[Date Prev][Date Next][Thread Prev][Thread Next][Date Index][Thread Index]

20030624: HDS feed to/from seistan (cont.)



>From: Robert Leche <address@hidden>
>Organization: LSU
>Keywords: 200306161954.h5GJs2Ld016710 LDM-6 IDD


Bob,

>If it came down to it, is it feasible to change the packet length in
>the application programs to a smaller value.

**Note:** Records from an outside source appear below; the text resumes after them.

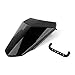 Areyourshop Rear Seat Cowl Cover For Yamaha YZF-R1 YZFR1 2015-2018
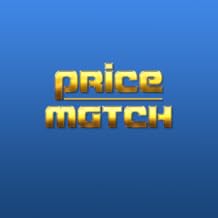 Price Match
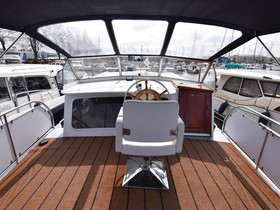 1995 Altena Yachting 1250Ak for sale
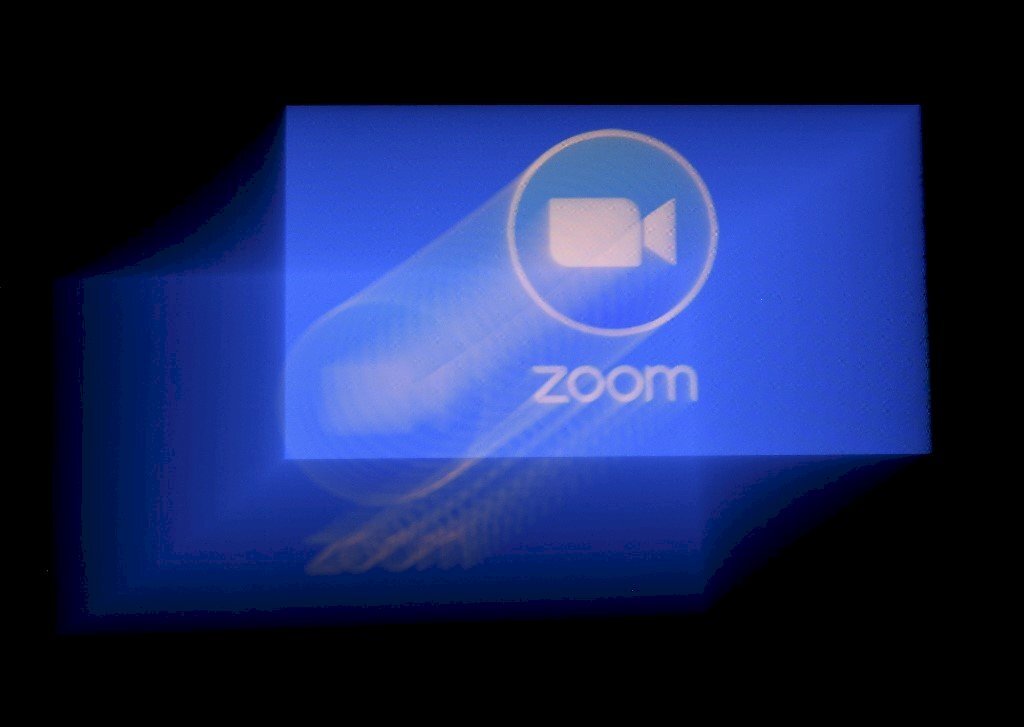 La empresa Zoom recibe la aprobación para establecer en Taiwán un centro de datos en la nube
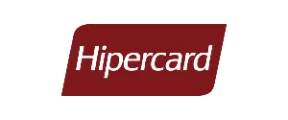 Hipercard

One of the big benefits of the LDM-6 was the change from a blocked RPC
transaction to an non-blocked RPC.  Along with this was the notion of
sending the entire product as a "chunk" and letting the network layers
worry about breaking the full size into appropriate TCP packets.  This
works very nicely (much more efficiently) at every LDM-6 installation
_except_ LSU.  Why there is a problem at LSU is the mystery to be
solved.  From the email I received from ULM, it seems that their data
feed problems date back almost an entire year, and certainly span the
LSU and ULM upgrades from LDM-5 to LDM-6, so the problem is not in the
LDM-6 approach to moving data.

>Could wx data types  such
>as HDS or other large packet data types  operate with the packet size
>reduced.

One of the major improvements in LDM-6 was to stop worring about
sending chunks of data less than or equal to 16K bytes and simply send
the entire product as one unit and let TCP worry about its
packetization.

>In reality,  application data is always fragmented.  As an
>example, the Ethernet port that plugs into your computer has a 1500
>byte payload limit.

That is correct.  It is also the reason why the user application should
not need to worry about the size of chunks it sends.

>So fragmentation is always part of the TCP/IP assembly-reassembly process.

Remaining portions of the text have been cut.